A iminente mudança de entendimento do Supremo Tribunal Federal (STF) sobre o porte de drogas e a possível fixação de critérios para diferenciar o consumo próprio do tráfico de entorpecentes poderia levar à revisão de até 50% das apreensões por cannabis no Brasil. A conclusão é da pesquisa “Critérios Objetivos no Processamento Criminal por Tráfico de Drogas: Natureza e Quantidade de Drogas Apreendidas nos Processos dos Tribunais Estaduais de Justiça Comum”, realizado pelo Instituto de Pesquisa Econômica Aplicada (Ipea) e divulgado em maio deste ano. Segundo o estudo, que analisa o registro em ações penais dos tribunais estaduais, se estabelecida a faixa de quantidade para presunção de porte para uso entre 25 g e 100 g, entre 30% e 50% dos processos de tráfico relacionados à cannabis poderiam ser presumidos como porte para consumo pessoal. Ou seja, considerando a Lei de Drogas (11.343/2006), os indivíduos envolvidos estariam livres da pena privativa de liberdade, uma vez que a legislação atual não inclui essa punição para o consumo de entorpecentes.

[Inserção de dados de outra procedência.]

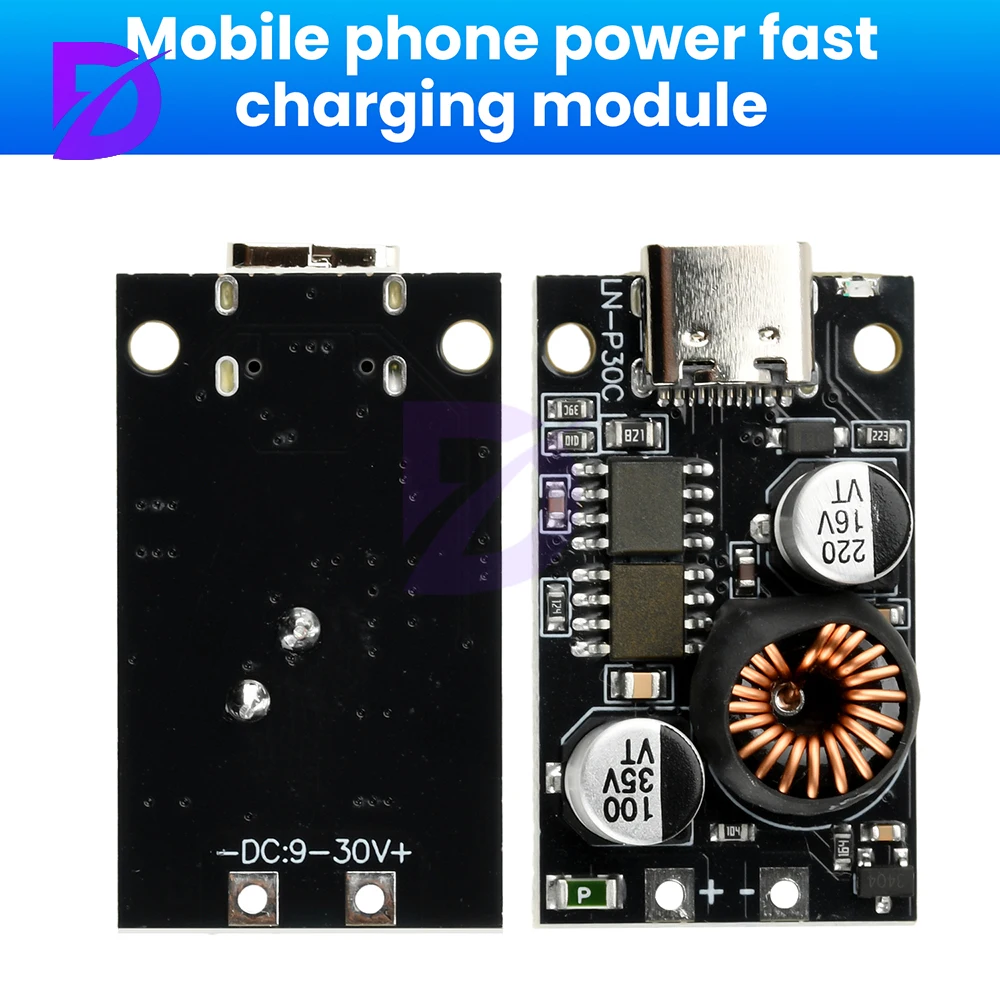 30W Fast Charging Module With PD3.0 and QC3.0, Type-c Car Charger for Mobile Phone 10-30V Input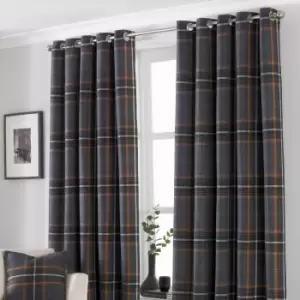 Image of Aviemore Tartan Faux Wool Eyelet Curtains Rust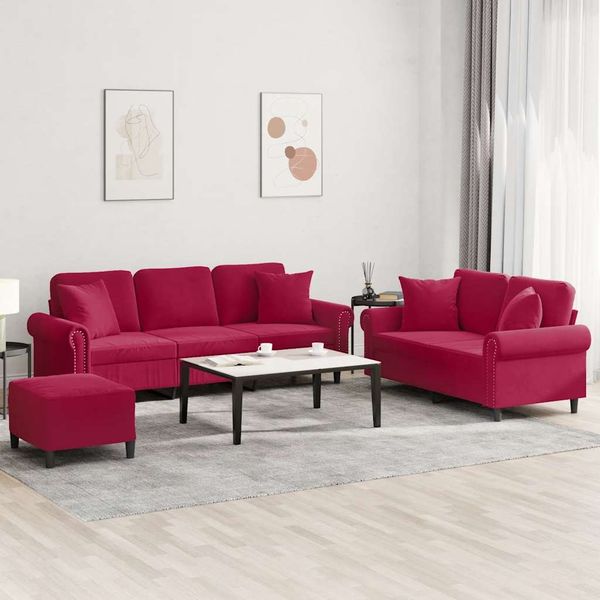 vidaXL 3-tlg. Sofagarnitur mit Kissen Weinrot Samt 3202284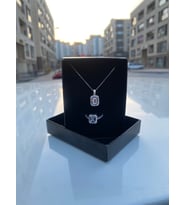 Annelerin En Güzeline Hediye - Baget Kolye ve Yüzük Set 925ayar Gümüştür
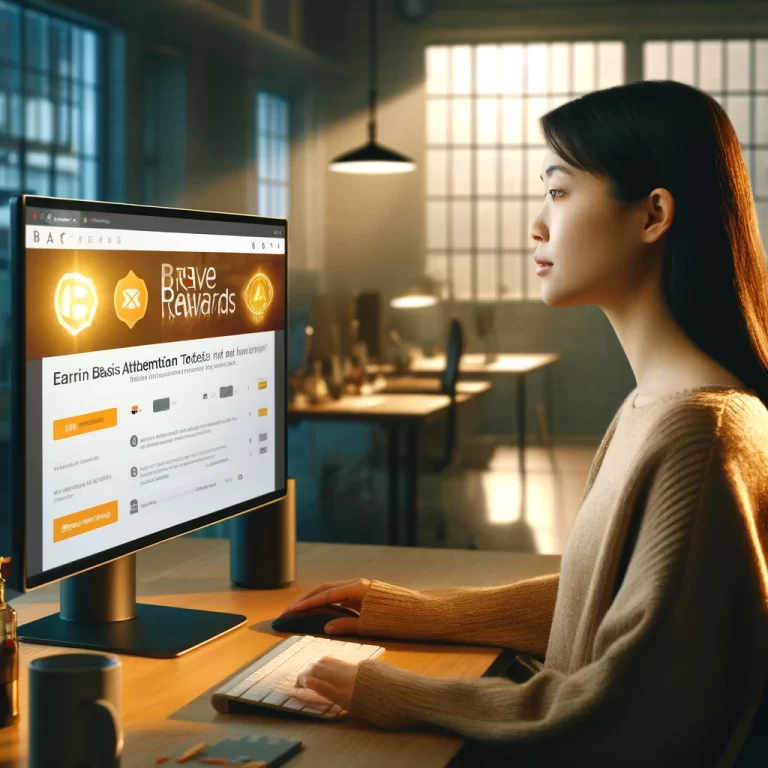 DALL·E 2024-04-14 19.25.16 - A cinematic-style image showing a young Asian female using the Brave browser on a desktop computer in a modern, well-lit home office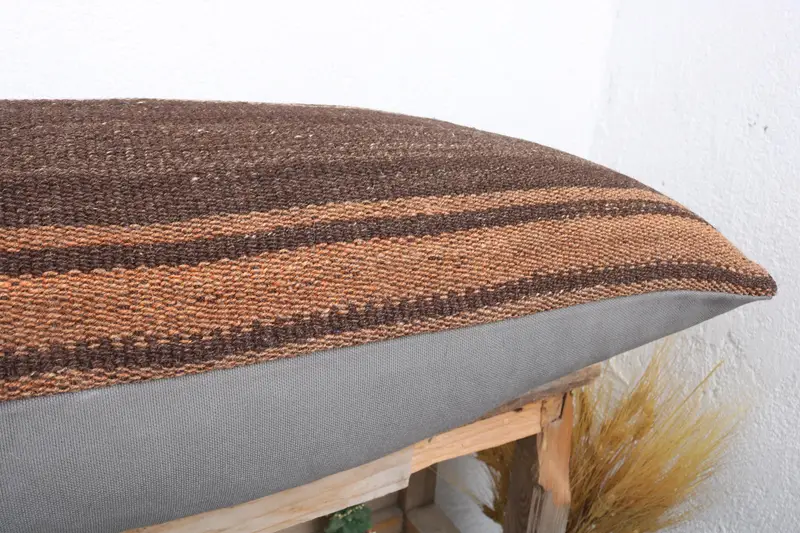 Gift Pillow, Ethnic Throw Cushion Cover, Cushion Cover, Vintage Kilim Throw Pillow, Ethnic Pillow Cover Cushion, 16x36 Brown Pillow, Antique Pillows - 6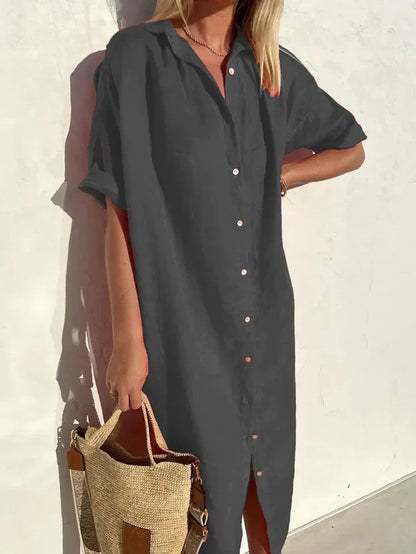 elegantes, lässiges kleid für damen mit weiten Ärmeln und knöpfen kleid aus baumwolle und leinen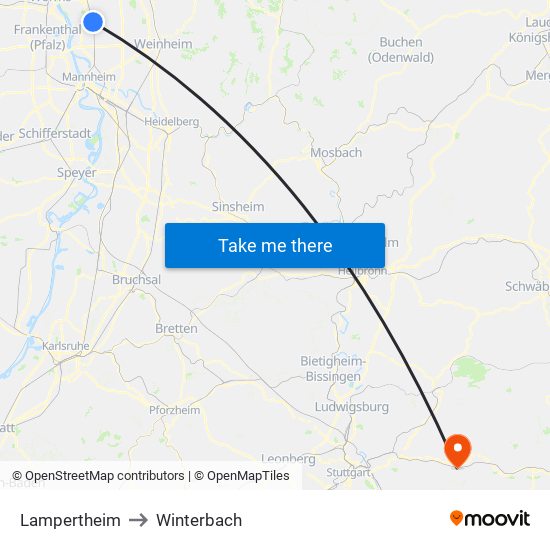 Lampertheim to Winterbach map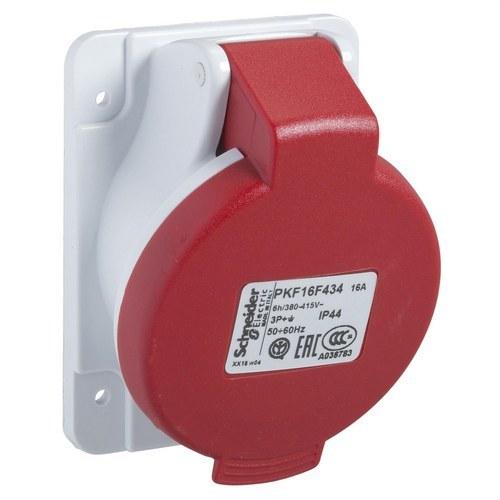 Base de embutir inclinada 16A 3P+N+TT 380-415V IP44 com referência PKF16F435 à marca SCHNEIDER ELECTRIC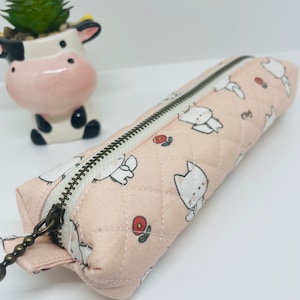 Cute Japanese cat pencil case - quilted
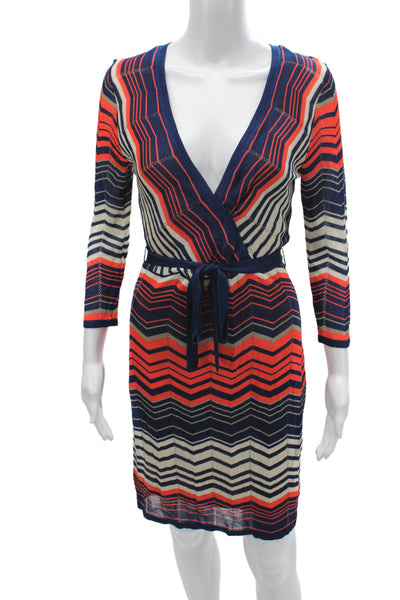 Trina Turk Women Wrap Dress Blue V-Neck 3/4 Sleeve Chevron Size S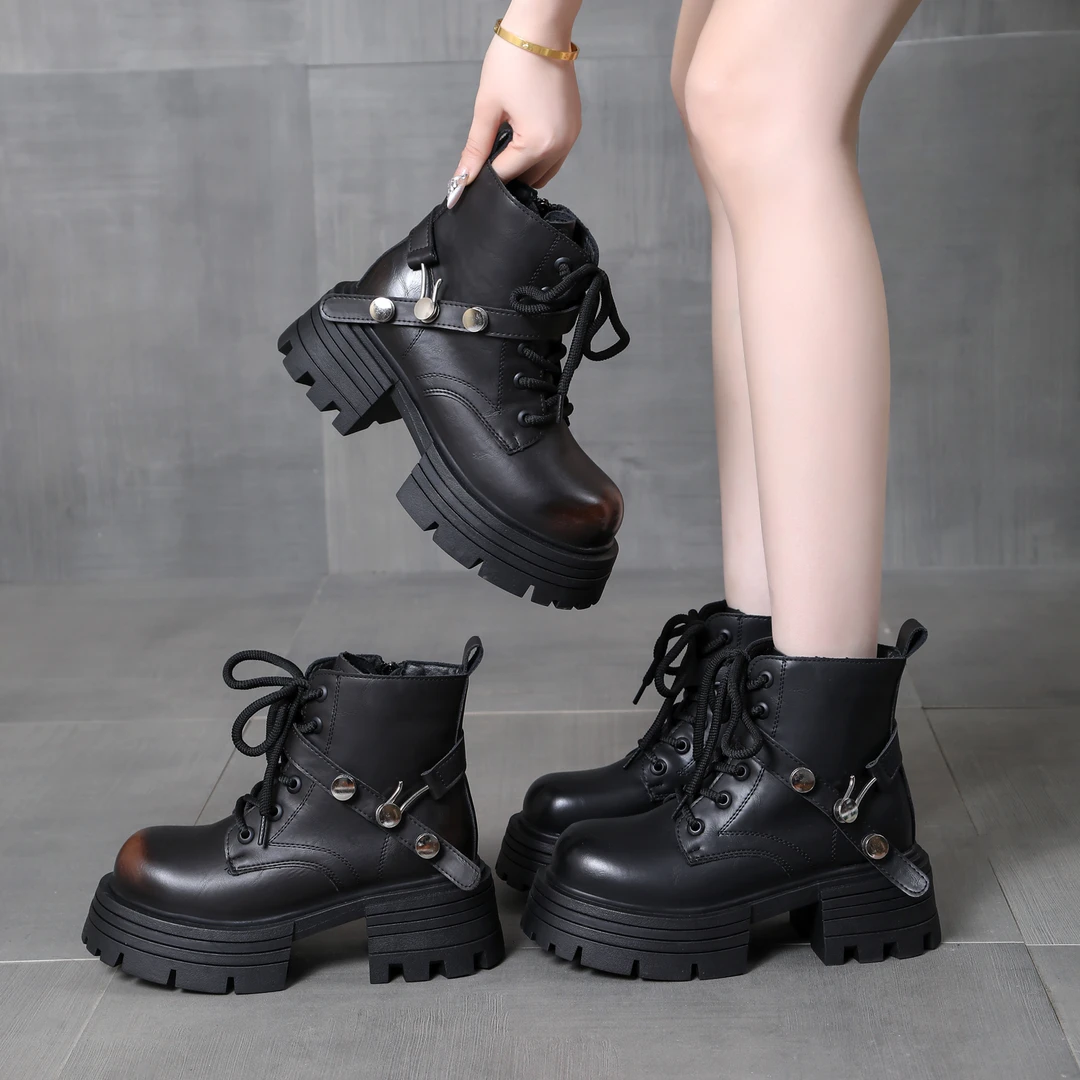 马丁靴女7厘米小个子厚底冬季加绒厚皮毛一体东北抗寒保暖厚棉靴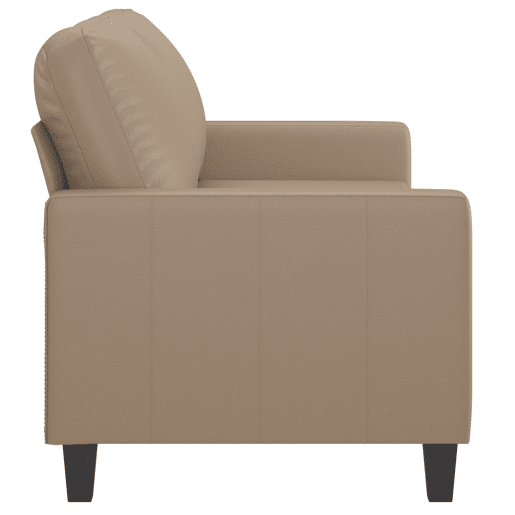 Sofá de 2 lugares - Sofá fixo 140 cm couro artificial cor cappuccino Sofá de 2 lugares - Sofá fixo 140 cm couro artificial cor cappuccino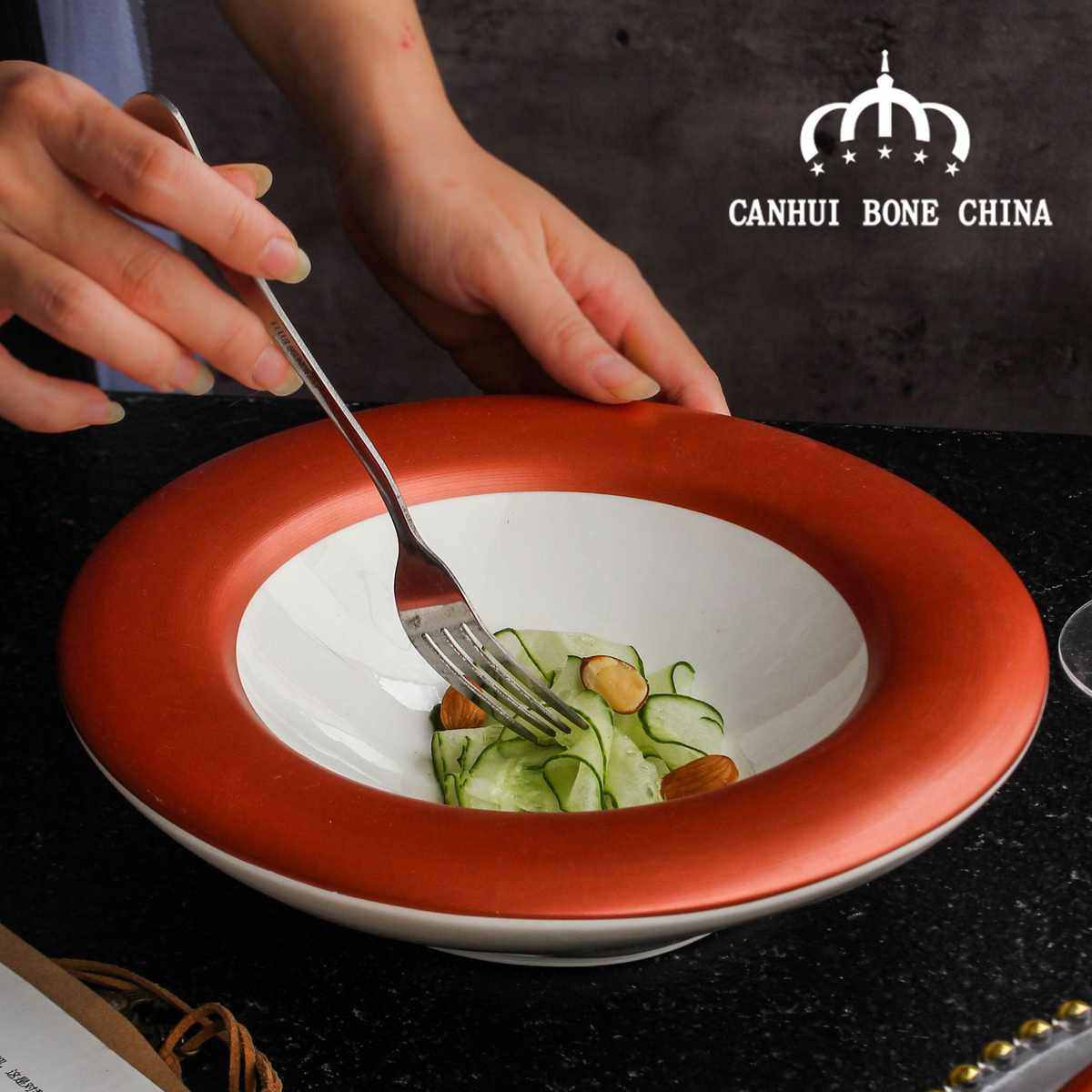 餐厅创意餐具高级西餐保温盘哑光红法式圆形汤碗特色凉菜冷菜盘子,餐饮具,盘,淘宝优惠券,粉丝福利购,淘宝优惠卷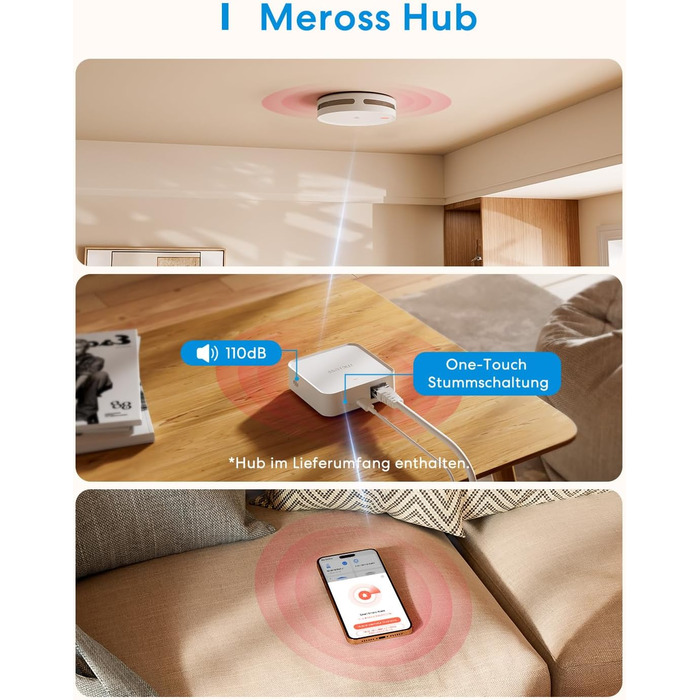 Meross Matter комплект димових сповіщувачів (3 шт.) з Matter Hub, Wi-Fi, двосторонній датчик світла, захист від комах 0,8 мм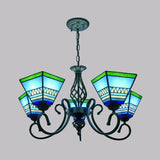 Stained Art Glass Pyramid Chandelier For Restaurants - Antique Inspired Ceiling Lighting Fixture 5 /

A discussão sobre o tema ganha força com a retomada do julgamento do Recurso Extraordinário (RE) 635659, com repercussão geral reconhecida. O caso analisado se refere ao recurso da Defensoria Pública contra a prisão em flagrante de Francisco Benedito de Souza, que portava três gramas de maconha dentro do Centro de Detenção Provisória de Diadema. Até o momento, o STF soma pelo menos quatro votos favoráveis a algum tipo de liberação. O primeiro foi apresentado pelo relator, ministro Gilmar Mendes, em 2015, com parecer favorável à descriminalização de todos os tipos de drogas. Abrindo divergência, o ministro Luís Roberto Barroso se posicionou favorável à liberação apenas do porte de maconha, com a fixação de que até 25 gramas pode ser considerado porte para uso pessoal ou a plantação de até seis plantas fêmeas. Por sua vez, o ministro Edson Fachin considera a regra inconstitucional exclusivamente em relação à maconha, embora entenda que os parâmetros para diferenciar traficantes de usuários devem ser fixados. Já o ministro Alexandre de Moraes propôs a fixação de um critério nacional, também exclusivamente em relação à maconha, sendo de 25 a 60 gramas ou seis plantas cannabis fêmeas para uso pessoal.
O estudo do Ipea corrobora com esse entendimento e aponta que, no cenário nacional, há uma predominância de processos de tráfico relacionados a pequenas quantidades de maconha e de cocaína, casos em que seria possível presumir posse de drogas para uso pessoal se fossem adotados critérios objetivos de quantidade. “Os registros de quantidades de drogas nos processos são imprecisos, a ponto de não se saber se a substância foi pesada com ou sem o recipiente que a continha”, afirmam as pesquisadoras do Ipea Milena Karla Soares e Natalia Cardoso Amorim Maciel. Em suma, ainda que o Supremo defina pela descriminalização do porte de drogas e estabeleça critérios para diferenciar o consumo do tráfico de entorpecentes, para que ocorra a revisão das apreensões e casos julgados caberá a cada indivíduo detido apresentar um recurso à Justiça, solicitando revisão da pena, explica a advogada Thaís Molina Pinheiro, especialista em direito penal e pós-graduada em processo penal pela Universidade de Coimbra. “Quem tiver antecedentes por tráfico de drogas, mas se enquadrar na definição legal de porte para uso pessoal também poderá ingressar com uma revisão criminal para que não conste mais a condenação”, concluiu.